Yes. This page is using the latest surname file currently loaded on Name Census, which is 2020. The historical section above also keeps any older Census surname entries we have for Arp (2000, 2010, 2020).
No. The Census Bureau only publishes surnames that appeared at least 100 times in a given decennial Census. That means very rare surnames are excluded entirely, and a surname can appear in one Census release but disappear from a later one if it falls below the reporting threshold.
There are two main reasons: rounding and suppression. The Census Bureau rounds published values, and it may suppress very small cells to protect privacy. For 2020, the Bureau also published raw group counts rather than direct percentages, so Name Census converts those counts back into shares for comparability across census years.
Derived from a Middle English nickname meaning "dark-haired," or from a place name meaning "harp-shaped hill." The fuller origin note on this page goes into more detail.

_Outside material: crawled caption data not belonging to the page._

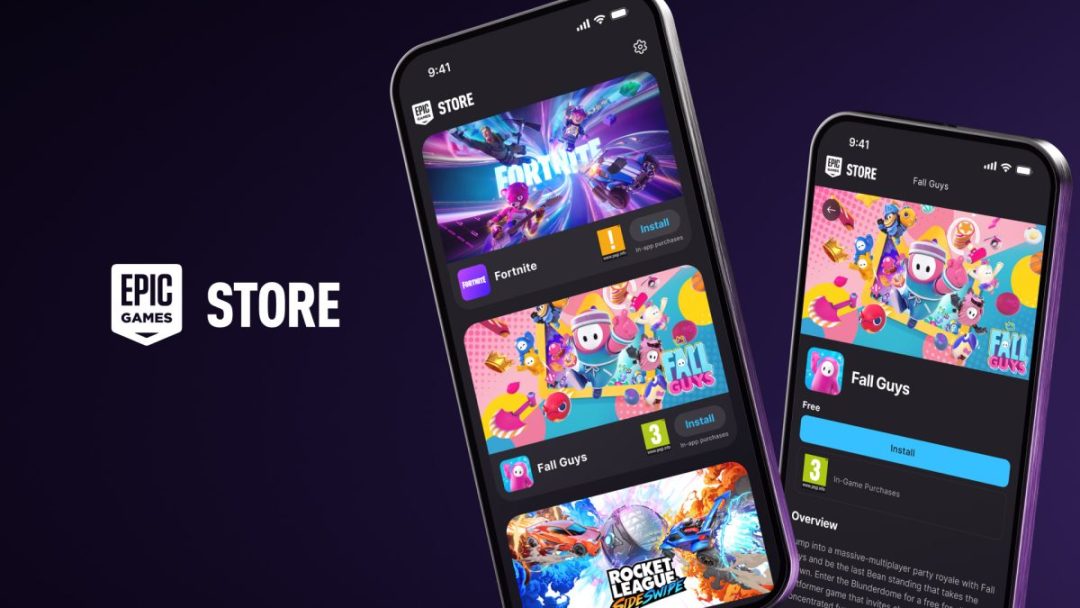 Epic Games Store is now available on iOS and Android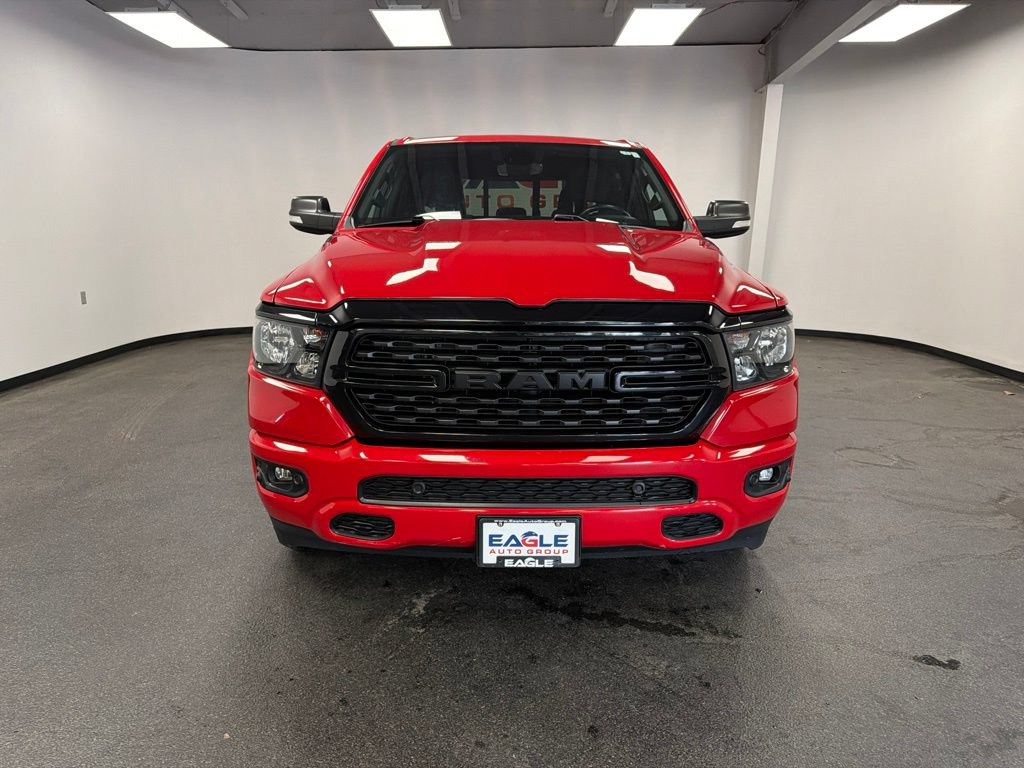 Used 2022 RAM 1500 Big Horn AWD/4WD image 3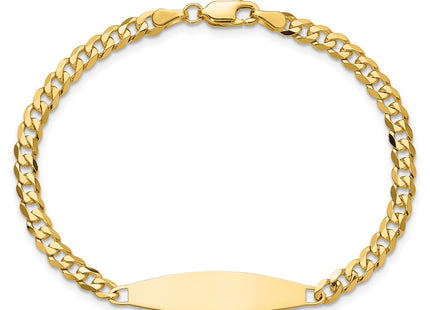 14k Yellow Gold Chain Bracelets Style LID113 - Classique Jewelry Inc.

All surname statistics on Name Census are drawn from the US Census Bureau's decennial surname frequency tables. These files list every surname that appeared 100 or more times in the 2020 Census, along with a count, a per-100,000 rate, and a self-reported demographic breakdown. You can read the full explanation on our methodology page.
For surnames, Name Census does not age cohorts the way it does for first names. Instead, it takes the Census Bureau's published frequency for Arp (1.09 per 100,000) and applies that rate to the current U.S. resident population to estimate how many living Americans have the surname today.
Find out how many people are called Arp on our sister site HowManyOfMe.org — a quick modern estimate with the living-bearer count front and centre.